# Task details
Would you please write out only the lines running from the top of the listing through the one holding "Building Photo - Room", exactly, with both ends kept and pictures left out?
* * *
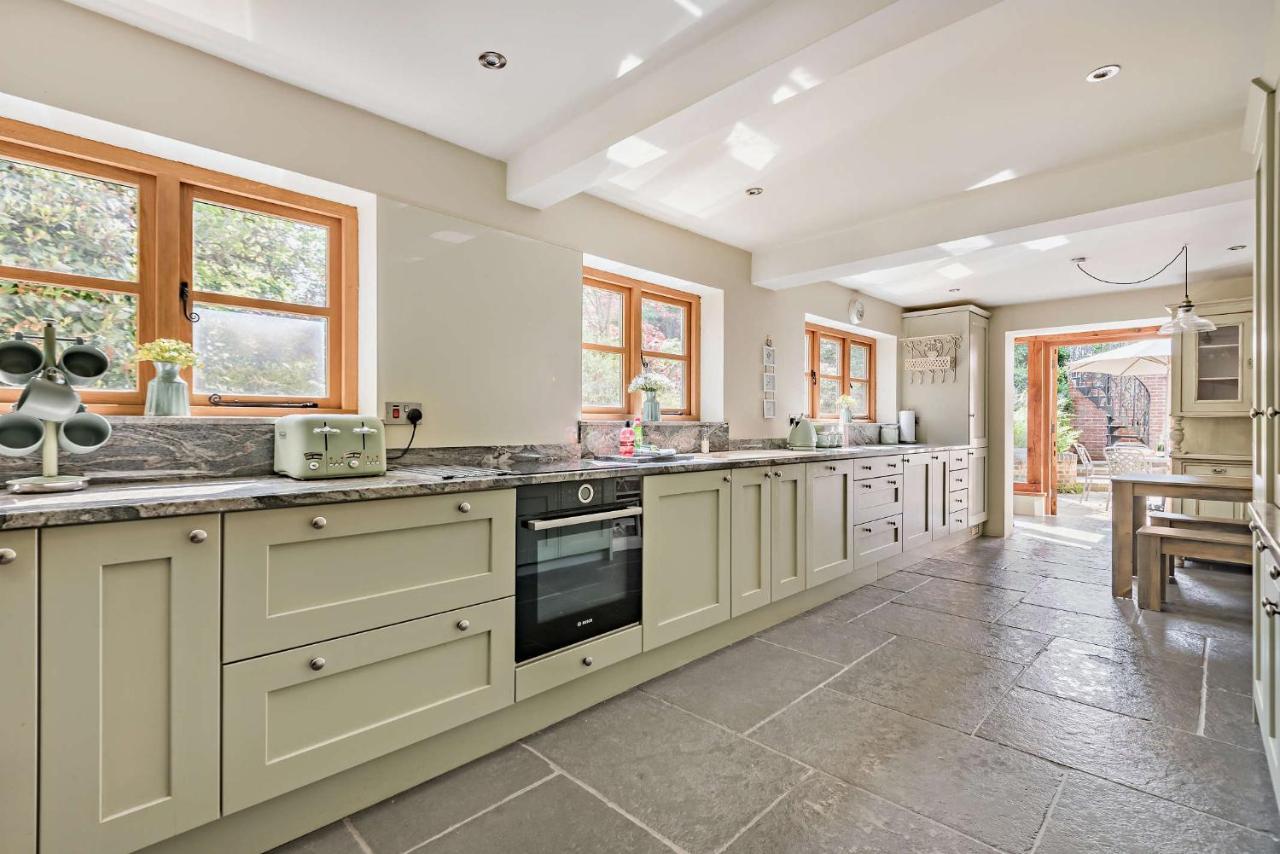 Holiday home The Cottage, Beautiful New Forest 5 Bedroom Thatched Breamore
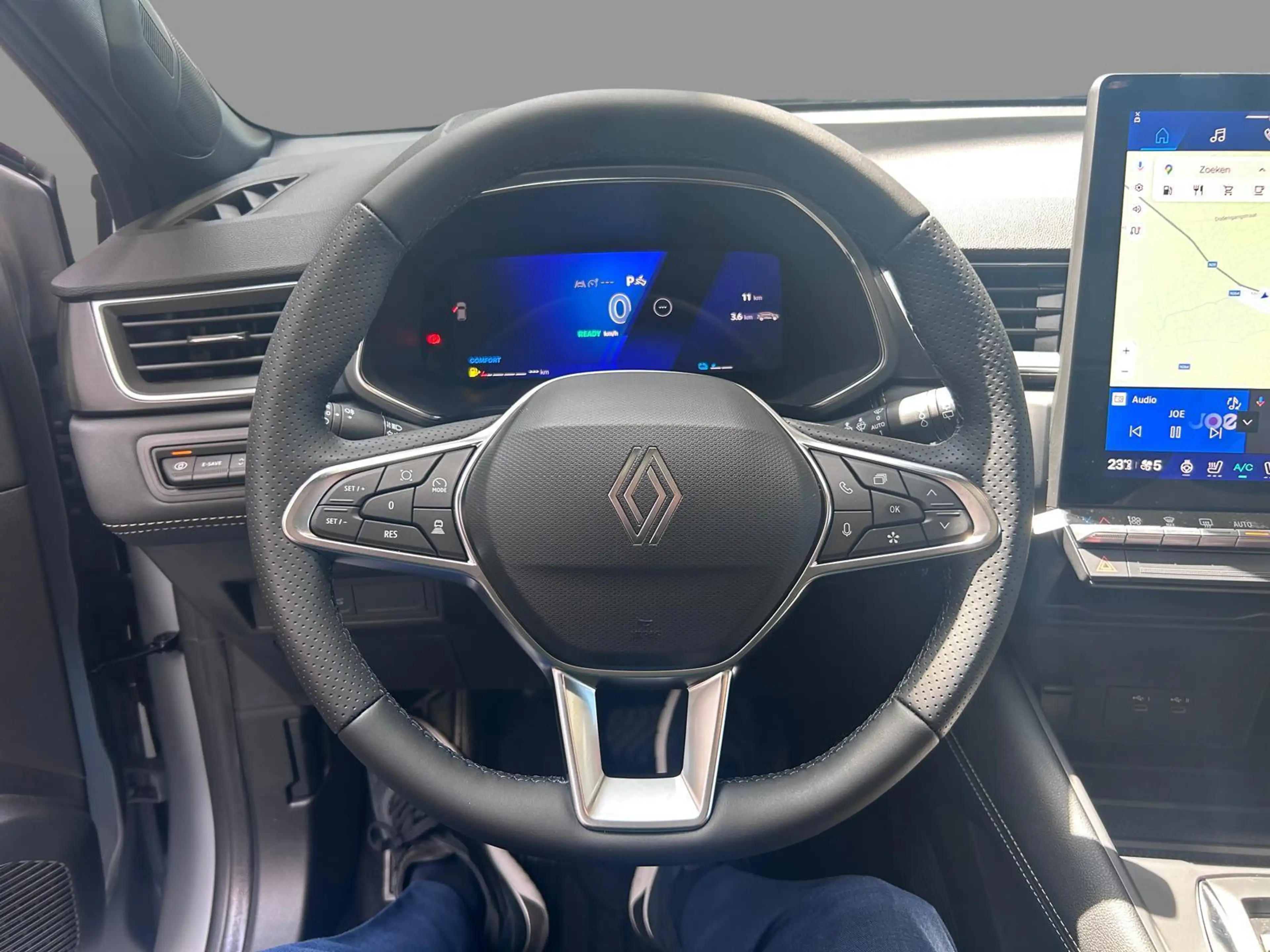 Renault Symbioz Iconic — photo 12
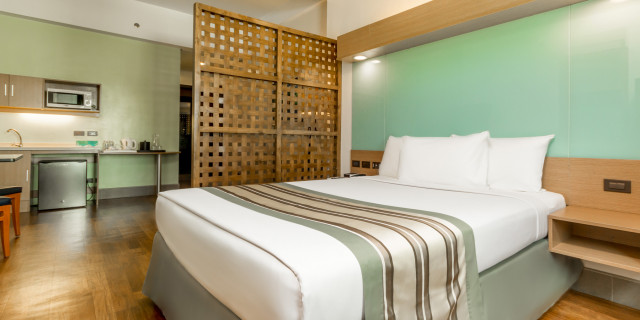 1 Queen Bed Suite, Non-Smoking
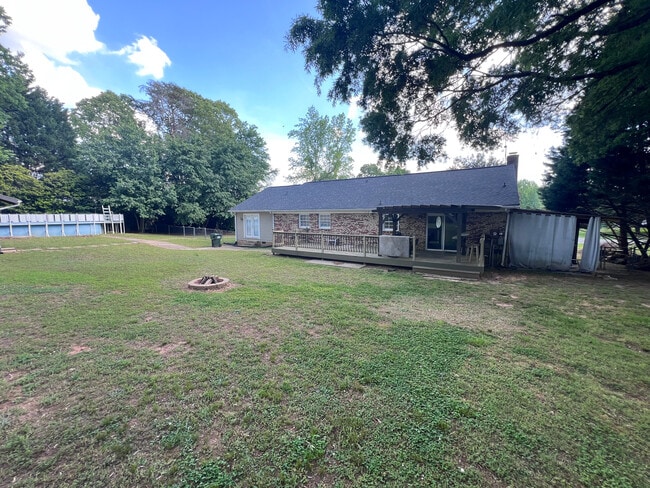 Building Photo - Room in House on Shady Oak Trail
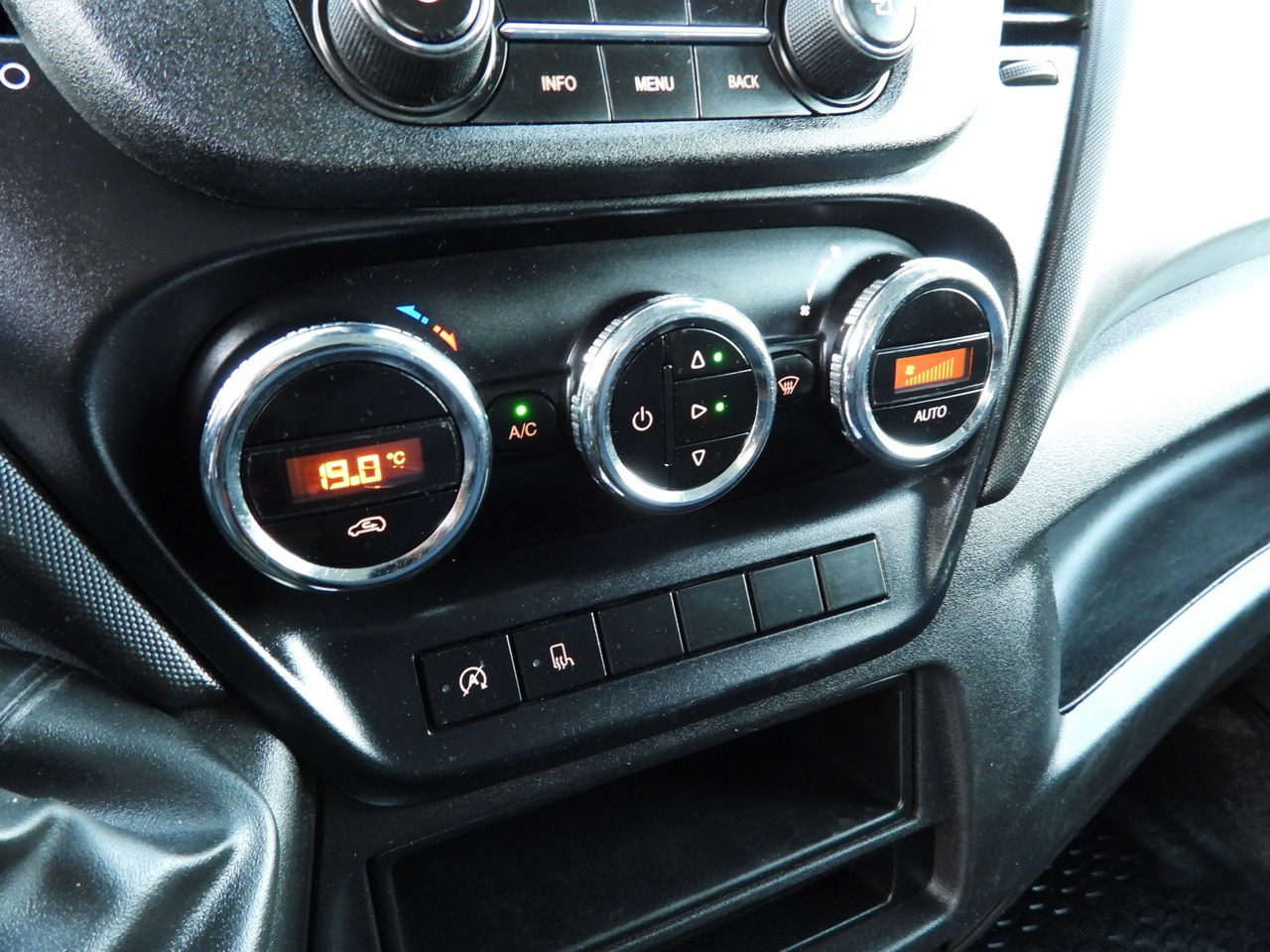 IVECO DAILY 35S14 STAKE BODY DOUBLE CABIN DOKA 7 SEATS CRUISE CONTROL AIR CONDITIONING 140HP lizing IVECO DAILY 35S14 STAKE BODY DOUBLE CABIN DOKA 7 SEATS CRUISE CONTROL AIR CONDITIONING 140HP: slika 26 IVECO DAILY 35S14 STAKE BODY DOUBLE CABIN DOKA 7 SEATS CRUISE CONTROL AIR CONDITIONING 140HP lizing IVECO DAILY 35S14 STAKE BODY DOUBLE CABIN DOKA 7 SEATS CRUISE CONTROL AIR CONDITIONING 140HP: slika 26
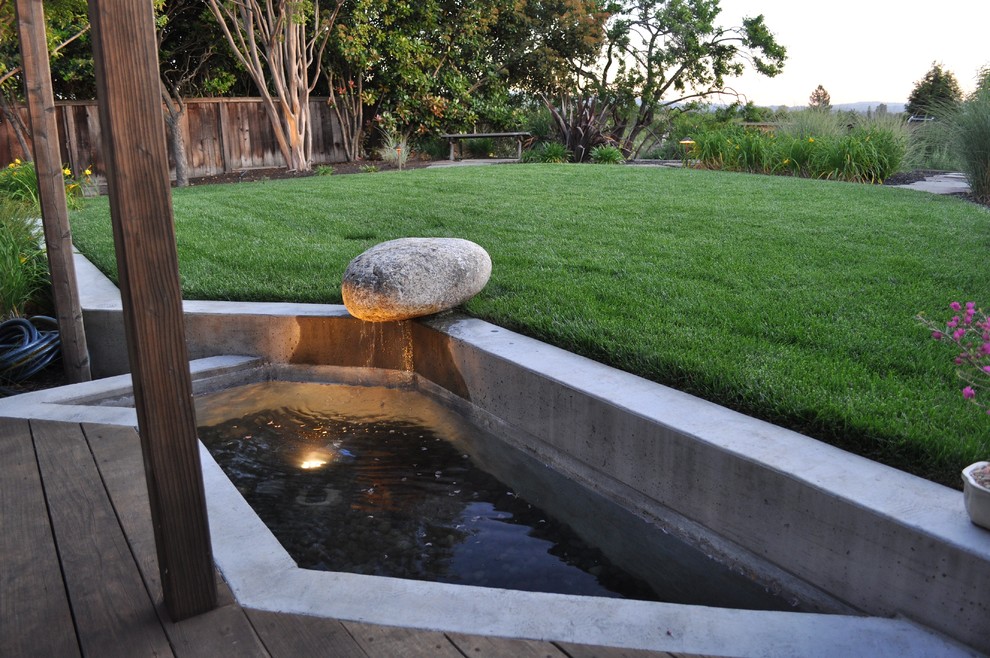 サンフランシスコにあるコンテンポラリースタイルのおしゃれな庭の噴水の写真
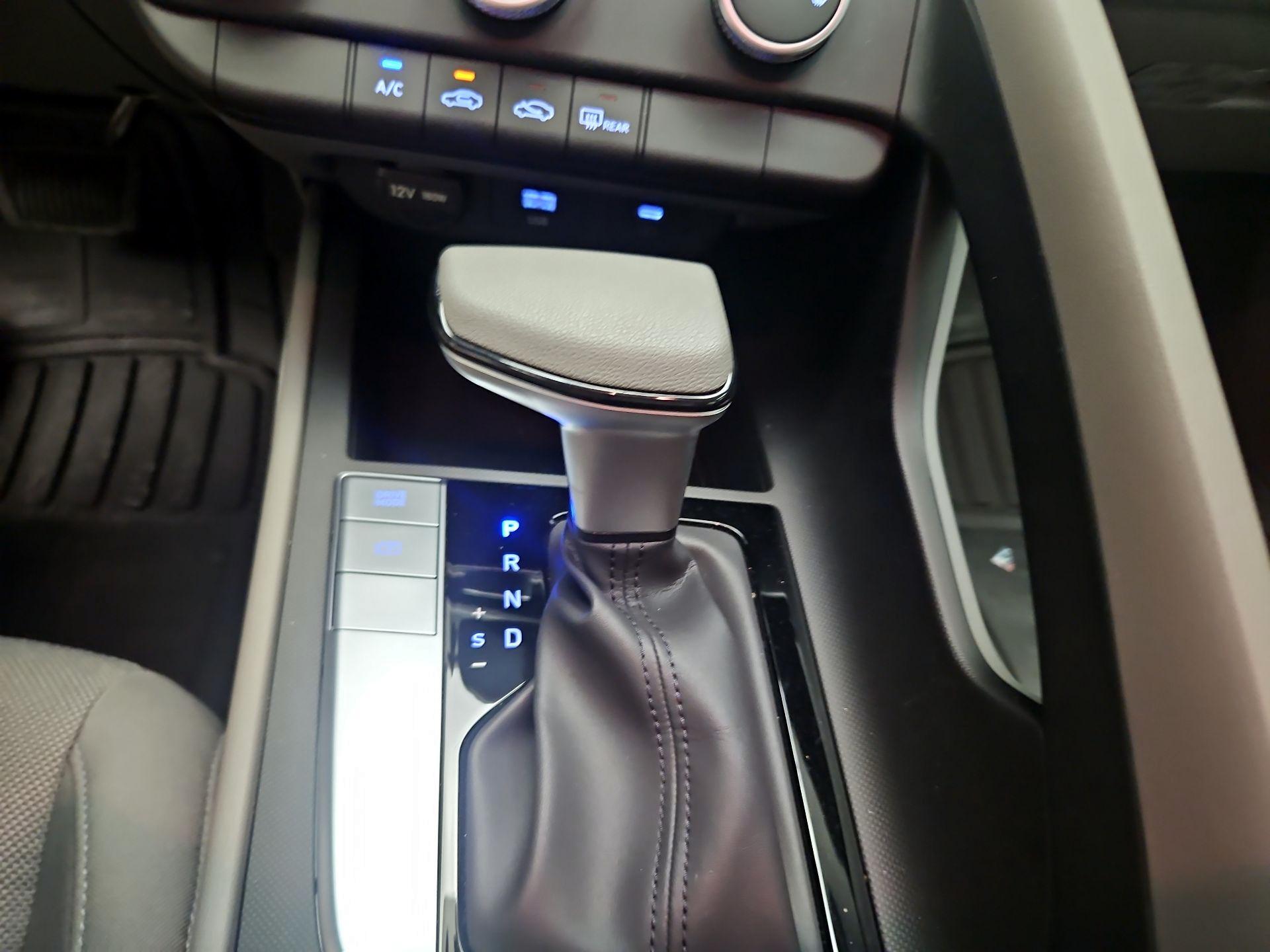 Thumbnail: 2024 Hyundai Elantra - 17
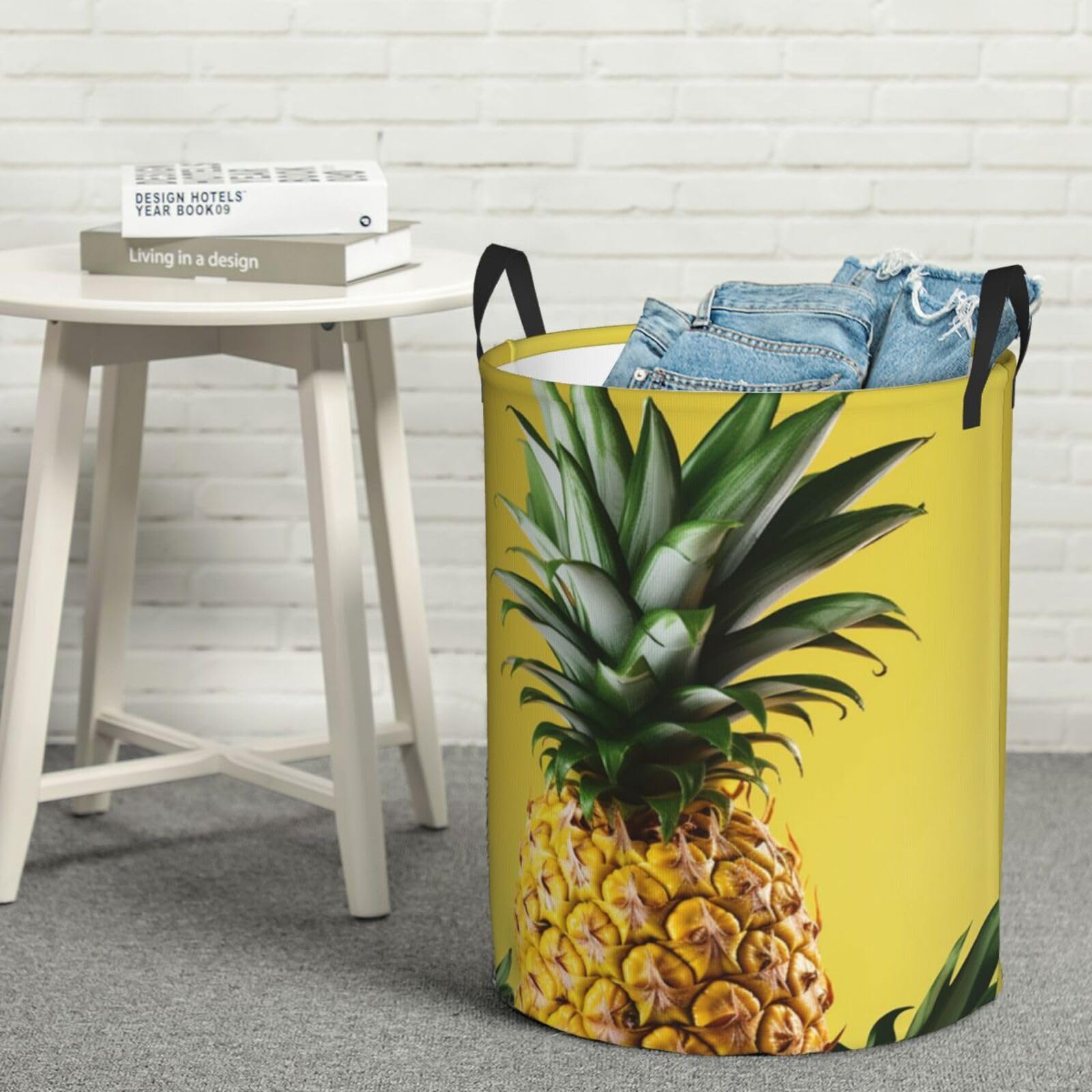 Panier à linge autonome avec poignées pour stopper l'encombrement au sol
* * *
# Response area
 Holiday home The Cottage, Beautiful New Forest 5 Bedroom Thatched Breamore
 Renault Symbioz Iconic — photo 12
 1 Queen Bed Suite, Non-Smoking
 Building Photo - Room in House on Shady Oak Trail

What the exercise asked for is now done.